## WORK INSTRUCTIONS
Every entry below should be reproduced exactly; no picture is to be included.

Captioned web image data
=====
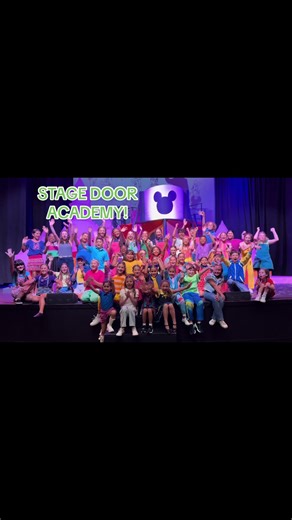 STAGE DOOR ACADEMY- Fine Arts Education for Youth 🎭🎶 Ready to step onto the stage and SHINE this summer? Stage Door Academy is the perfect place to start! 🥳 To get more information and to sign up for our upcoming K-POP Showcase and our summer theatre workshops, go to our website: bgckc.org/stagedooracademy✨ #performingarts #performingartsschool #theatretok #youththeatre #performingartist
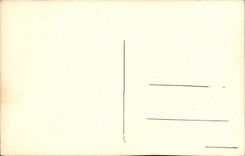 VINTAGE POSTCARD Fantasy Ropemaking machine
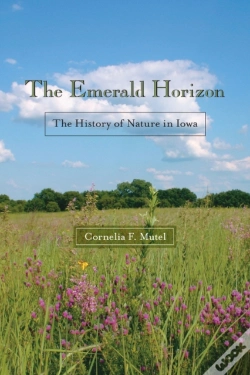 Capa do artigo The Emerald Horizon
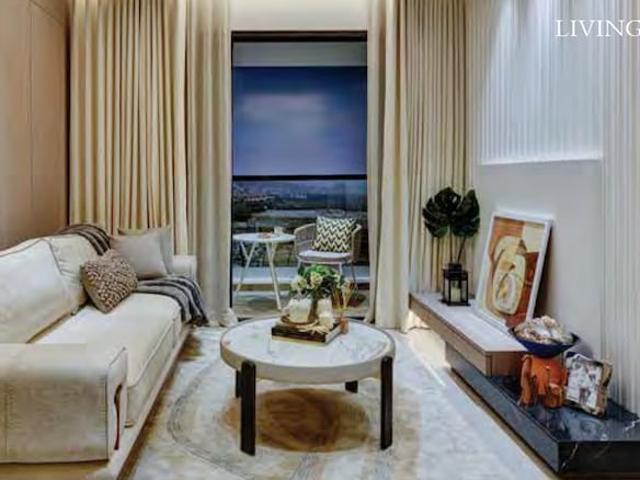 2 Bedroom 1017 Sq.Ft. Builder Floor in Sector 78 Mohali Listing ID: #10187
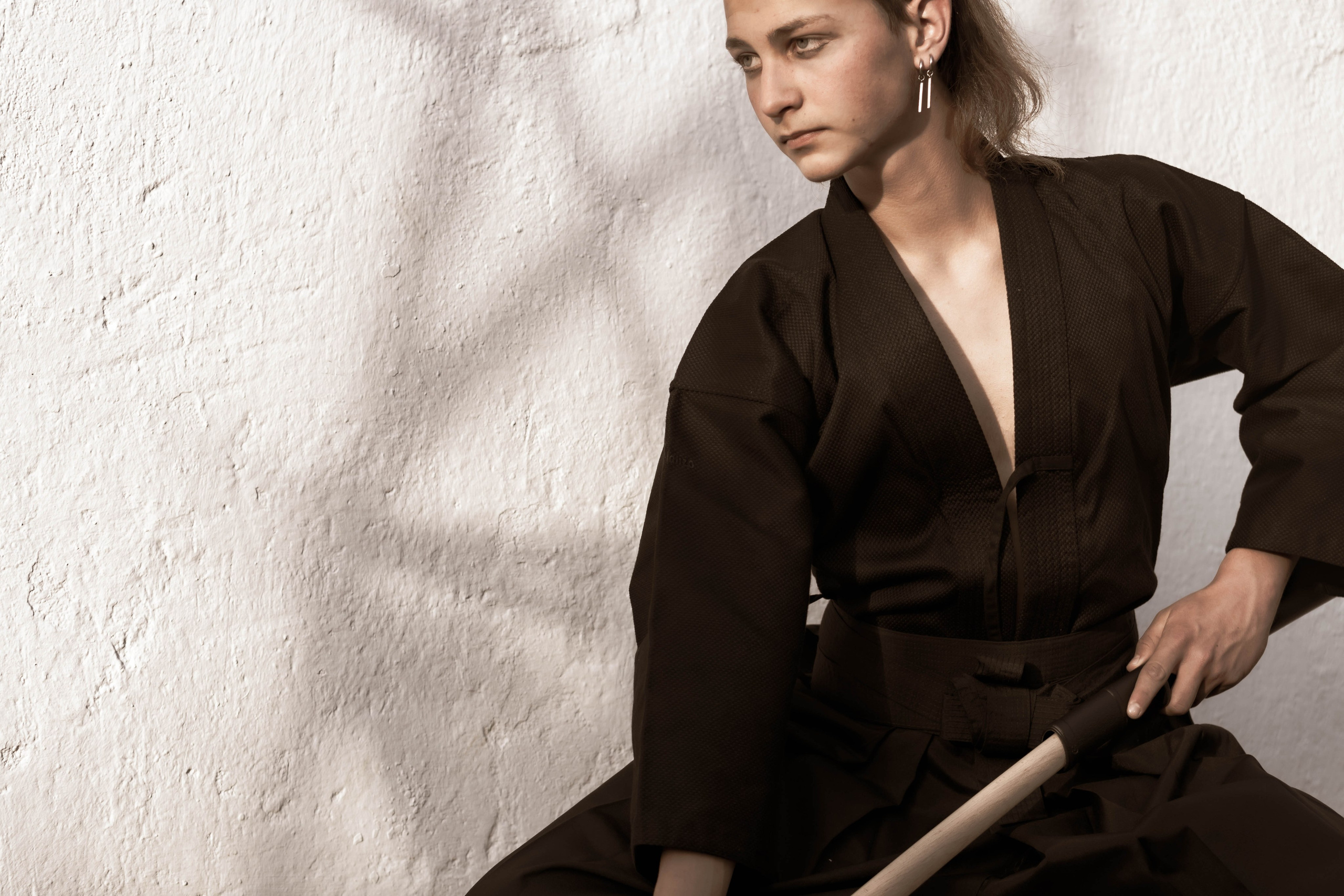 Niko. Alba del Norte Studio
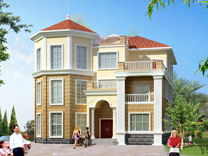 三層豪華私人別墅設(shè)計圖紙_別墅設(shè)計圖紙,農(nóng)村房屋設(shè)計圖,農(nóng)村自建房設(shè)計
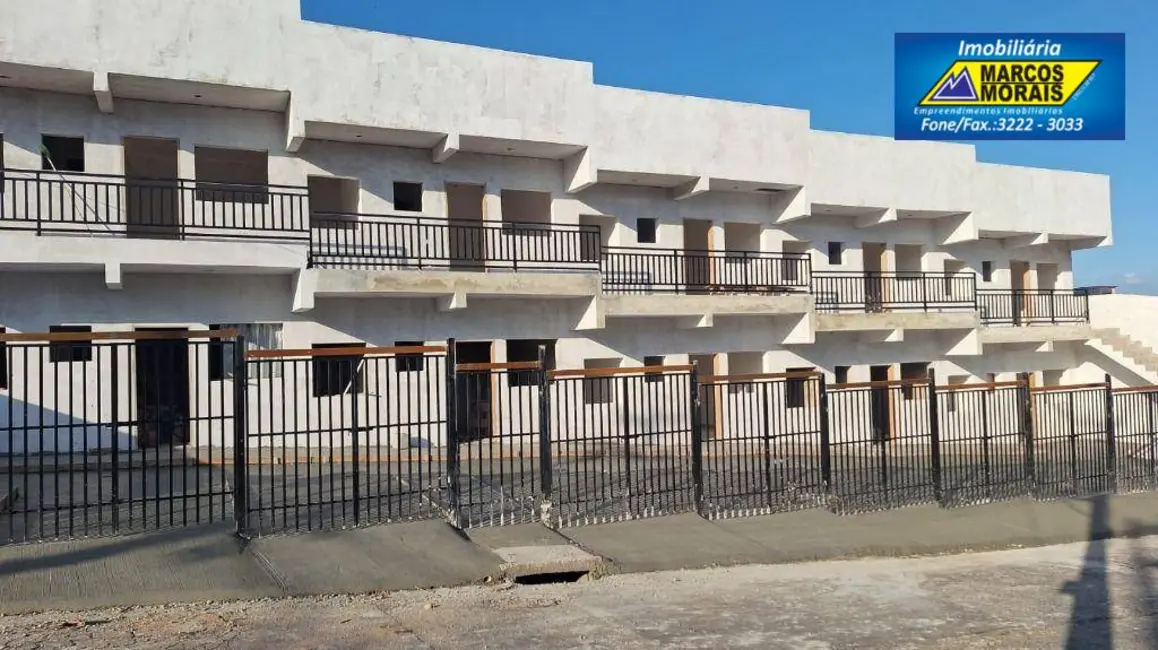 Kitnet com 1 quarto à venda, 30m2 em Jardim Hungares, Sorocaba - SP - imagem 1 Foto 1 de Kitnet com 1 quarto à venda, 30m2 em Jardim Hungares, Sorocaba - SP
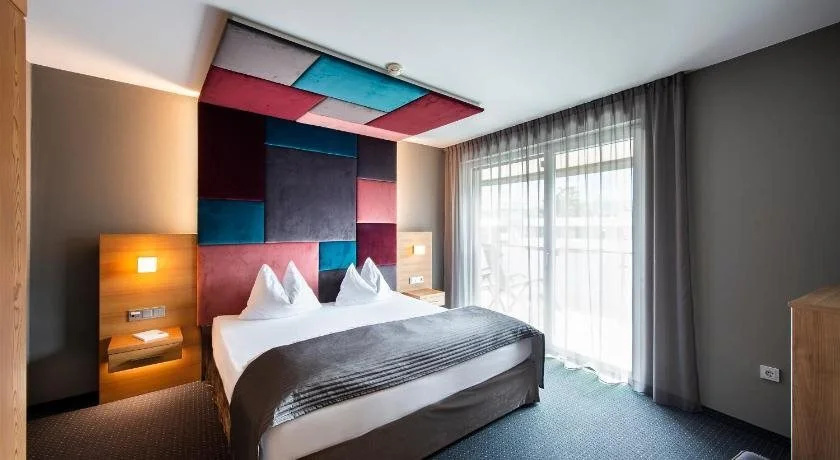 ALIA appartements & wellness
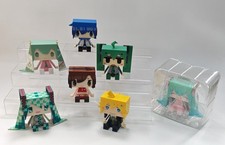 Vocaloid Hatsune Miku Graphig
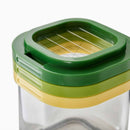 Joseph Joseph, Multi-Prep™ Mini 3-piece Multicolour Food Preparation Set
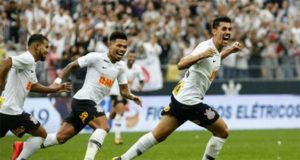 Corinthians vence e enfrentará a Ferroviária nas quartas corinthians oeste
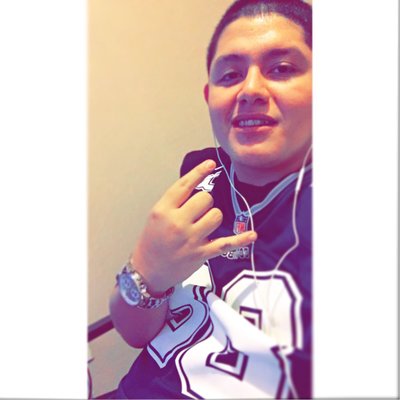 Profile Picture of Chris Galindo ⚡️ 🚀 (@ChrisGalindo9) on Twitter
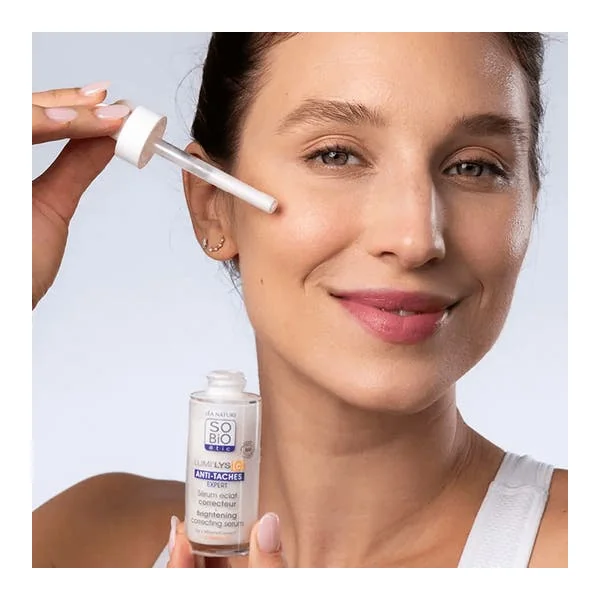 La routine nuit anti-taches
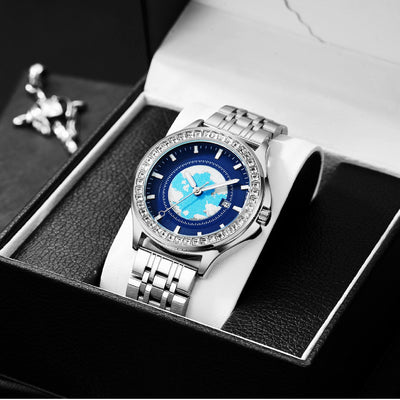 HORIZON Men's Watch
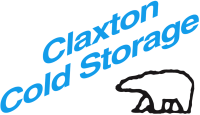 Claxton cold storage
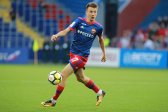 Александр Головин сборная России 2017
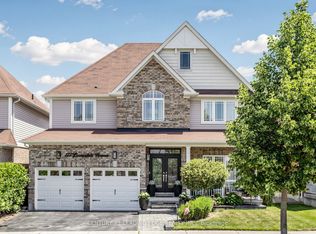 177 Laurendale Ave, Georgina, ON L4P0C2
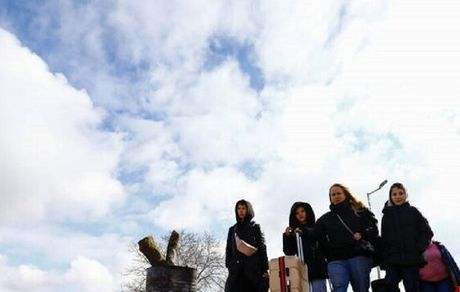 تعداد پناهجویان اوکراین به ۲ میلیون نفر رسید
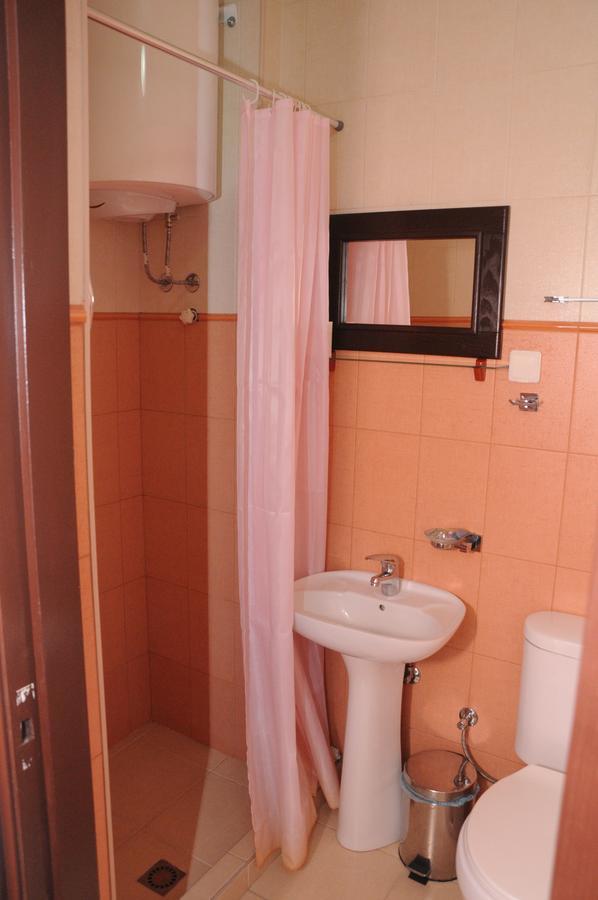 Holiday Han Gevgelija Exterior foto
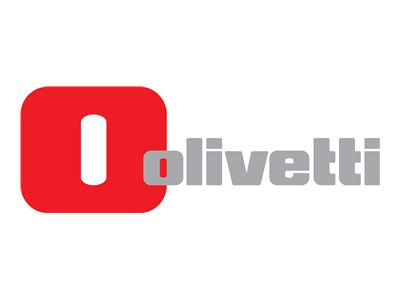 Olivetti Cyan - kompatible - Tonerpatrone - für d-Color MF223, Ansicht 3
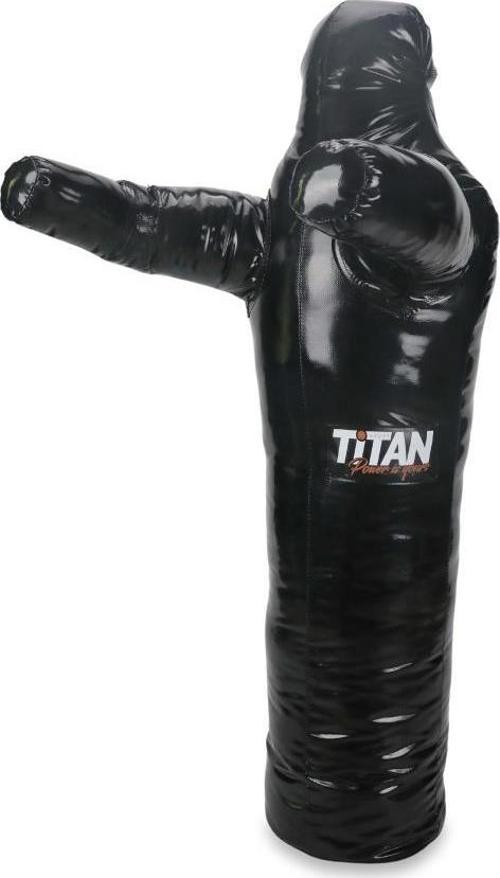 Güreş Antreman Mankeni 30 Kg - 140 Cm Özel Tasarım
=====
## ANSWER FOR THIS EXERCISE
 STAGE DOOR ACADEMY- Fine Arts Education for Youth 🎭🎶 Ready to step onto the stage and SHINE this summer? Stage Door Academy is the perfect place to start! 🥳 To get more information and to sign up for our upcoming K-POP Showcase and our summer theatre workshops, go to our website: bgckc.org/stagedooracademy✨ #performingarts #performingartsschool #theatretok #youththeatre #performingartist
 VINTAGE POSTCARD Fantasy Ropemaking machine
 Capa do artigo The Emerald Horizon
 2 Bedroom 1017 Sq.Ft. Builder Floor in Sector 78 Mohali Listing ID: #10187
 Niko. Alba del Norte Studio
 三層豪華私人別墅設(shè)計圖紙_別墅設(shè)計圖紙,農(nóng)村房屋設(shè)計圖,農(nóng)村自建房設(shè)計
 Kitnet com 1 quarto à venda, 30m2 em Jardim Hungares, Sorocaba - SP - imagem 1 Foto 1 de Kitnet com 1 quarto à venda, 30m2 em Jardim Hungares, Sorocaba - SP
 ALIA appartements & wellness
 Vocaloid Hatsune Miku Graphig
 Joseph Joseph, Multi-Prep™ Mini 3-piece Multicolour Food Preparation Set
 Corinthians vence e enfrentará a Ferroviária nas quartas corinthians oeste
 Profile Picture of Chris Galindo ⚡️ 🚀 (@ChrisGalindo9) on Twitter
 La routine nuit anti-taches
 HORIZON Men's Watch
 Claxton cold storage
 Александр Головин сборная России 2017
 177 Laurendale Ave, Georgina, ON L4P0C2
 تعداد پناهجویان اوکراین به ۲ میلیون نفر رسید
 Holiday Han Gevgelija Exterior foto
 Olivetti Cyan - kompatible - Tonerpatrone - für d-Color MF223, Ansicht 3
 Güreş Antreman Mankeni 30 Kg - 140 Cm Özel Tasarım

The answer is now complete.